Para uma parcela crescente da juventude brasileira, especialmente entre adolescentes e jovens adultos, ter um emprego com carteira assinada – regido pela Consolidação das Leis do Trabalho (CLT) – passou a representar um estilo de vida marcado por dificuldades: acordar de madrugada, enfrentar transporte público lotado e lidar com cobranças constantes de chefes, muitas vezes por um salário baixo.
A publicitária F.S., de Mogi das Cruzes (SP), compartilhou em suas redes a surpresa ao ouvir sua filha de 12 anos dizer que estudava para “não virar CLT”. Intrigada, F.S. conversou com outros adolescentes e descobriu que essa visão depreciativa sobre o emprego formal é comum entre os mais jovens, que associam o regime à falta de liberdade e ao insucesso.
A CLT, criada em 1943, garante uma série de direitos trabalhistas, como férias, 13º salário e seguro-desemprego. No entanto, memes e desabafos nas redes sociais mostram que, para muitos jovens, o regime virou motivo de piada ou até desprezo.

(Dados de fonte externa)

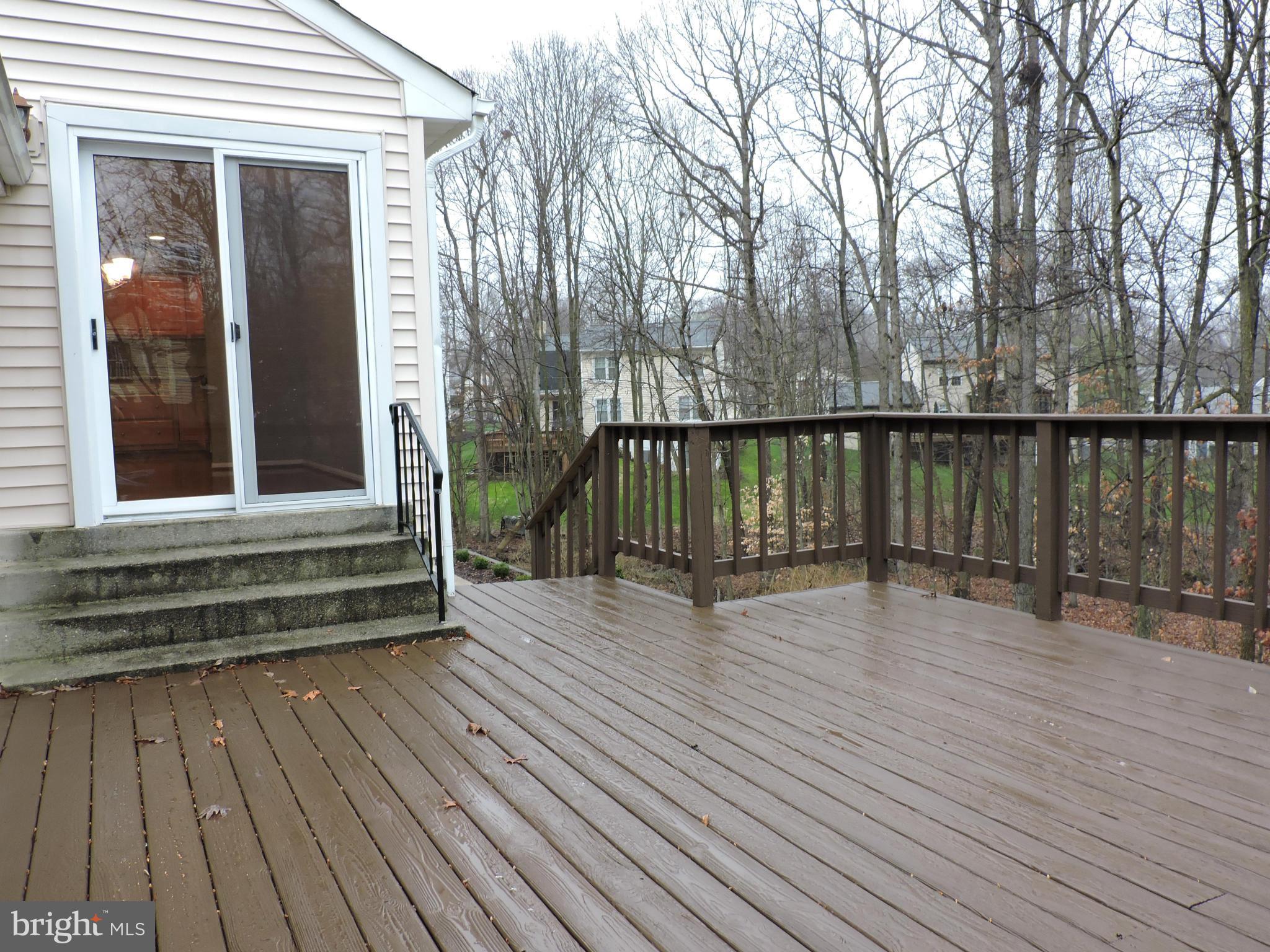 LAKE RIDGE/PROMONTRY OAK - Residential Lease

Especialistas apontam que esse sentimento tem raízes históricas e socioeconômicas. A antropóloga R. P.-M., por exemplo, afirma que o trabalho formal no Brasil, especialmente para a população de baixa renda, é historicamente mal remunerado, exaustivo e marcado por desrespeito. Por isso, muitos preferem buscar alternativas que ofereçam mais autonomia – mesmo que sem garantias legais.

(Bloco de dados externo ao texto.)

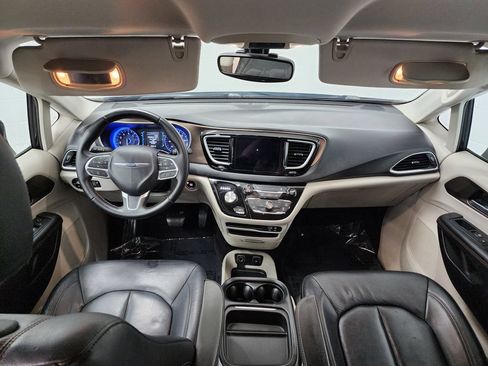 Used 2017 Chrysler Pacifica Touring-L FWD image 25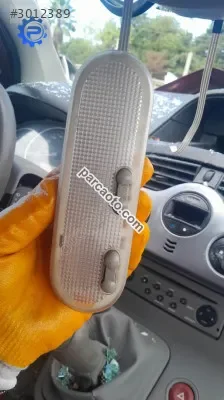 Kango 3 tavan lambası yedek parça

As transformações digitais e o crescimento das redes sociais têm incentivado jovens a empreender online. Influenciadores como E.C., de 19 anos, conhecido como “Kinho”, ganham espaço ao defenderem um estilo de vida fora do “sistema CLT”, promovendo uma ideia de liberdade financeira e flexibilidade. Outros, como A.F., de 17 anos, largaram os estudos para abrir empresas voltadas ao marketing digital, prometendo ensinar jovens a faturar na internet.
No entanto, essa realidade vendida como acessível para todos é, na prática, limitada a poucos. Estudo realizado por pesquisadores da University College Dublin analisou milhares de contas de aspirantes a influenciadores e mostrou que menos de 2% conseguiram passar de 5 mil seguidores em quatro meses. A maioria dos que tentam não consegue obter renda significativa, e muitos enfrentam frustrações e dívidas por acreditarem em promessas irreais.
Apesar disso, a ideia de “rasgar a carteira” persiste. A designer F.S.N., de Porto Alegre (RS), argumenta que os benefícios da CLT — como plano de saúde, estabilidade e férias remuneradas — não são facilmente compensados no modelo autônomo. Segundo ela, “empreender parece atrativo, mas exige mais horas, múltiplas funções e lida com incertezas”.
Dados do FGV Ibre confirmam esse cenário: em 2024, 67,7% dos trabalhadores autônomos disseram preferir um emprego formal. Além disso, 45% afirmaram atuar por conta própria por necessidade, não por escolha.
O historiador P.F., da UFRJ, defende que a crítica à CLT é equivocada e que os problemas do mercado de trabalho brasileiro têm mais a ver com o sistema capitalista do que com a legislação em si. Ele alerta que, embora mudanças sejam necessárias para acompanhar novas formas de trabalho, o foco deve ser na ampliação de direitos — e não na sua eliminação.
Já R. P.-M. destaca que a luta deve ser por melhorias nas condições do trabalho formal. Para ela, é essencial mostrar aos jovens que vale a pena estudar e buscar estabilidade. “Os países mais desenvolvidos apostam na valorização da educação e do trabalho digno. Precisamos resgatar esse caminho.”